Métro

Les jours s’en vont. Comment pourrait-il en être autrement ?

J’avais aperçu sa silhouette sur le quai lors de l’entrée en station du métro qui fonçait comme un bolide vers la Défense. A l’ouverture des portes, l’homme, plutôt jeune, posa un pied mal assuré sur le sol tout en observant les voyageurs alentour, comme pour se rassurer sur son existence. Il soupira avant de se résoudre à raconter son histoire. Il n’y avait plus de fatigue. Plus d’heures du jour ou de la nuit. Il n’y avait plus de sens parce que la nécessité pesait trop fort. En face de lui, une montagne qu’il s’éreintait, jour aprés jour, à déplacer jusqu’à l’épuisement. Je me disais cyniquement que les gens dans la détresse devaient eux aussi soigner leur apparence. Ou mieux chanter. Ou parler d’une voix plus chaude…pour arracher de la compassion à des voyageurs devenus insensibles. Qu’est-ce qui conduisait à cette infortune ? Etait-ce un destin ? Une conjonction d’évènements malheureux ? une statistique qui, à la manière d’un dé, affichait toujours le même numéro ? Ceux-là. Ceux là étaient des impalpables. Des oreilles qui n’écoutent plus le vent souffler. L’ombre d’une vie, notre ombre, mon ombre.

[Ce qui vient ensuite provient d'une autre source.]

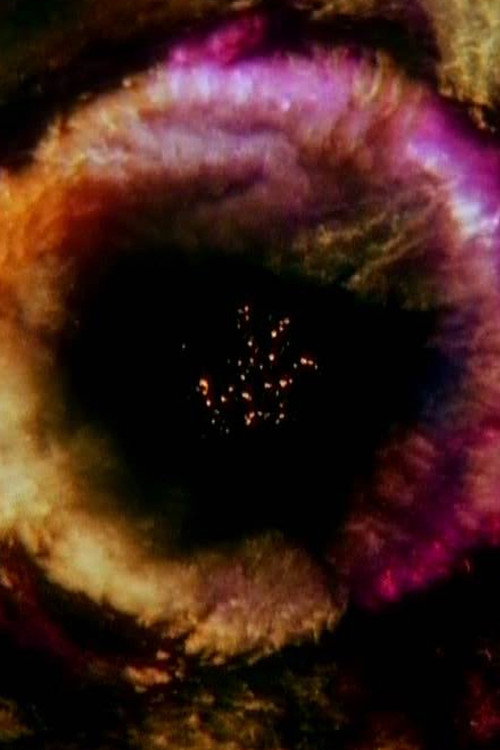 Movie poster for Fountain of Dreams (1984)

Il est des sentiments singuliers que vous ne voyez pas venir et qui vous plongent dans une grande tristesse des jours durant. Des sentiments dont vous essayez de vous protéger, conscient de la ligne de faille qu’il pourrait ouvrir en vous. Combien de fois me suis-je dit que ces accidents de la vie nous guettaient tous, que personne n’était à l’abri ? Comment dans ces conditions ne pas perdre une part de soi en passant son chemin ? Comment en sortir indemne ? Alors que ces pensée filaient, Georges, un collègue, me tapota sur l’épaule et me tira de ma prostration. Il me raconta son projet de voyage au Botswana, son désir profond de reconnexion au vivant. Le métro arriva à la Défense et vomit son flot de voyageurs vibrionnants. Je me sentais vide. Et dans les couloirs qui me conduisaient au T2, Direction Bezons, le souvenir de cet homme m’obsédait. Cet autre moi qui se débattait et déciderait finalement de jeter un voile sur ce qu’il ne voulait pas voir. « La lumière dorée des soirs de Jerusalem remontait en moi ».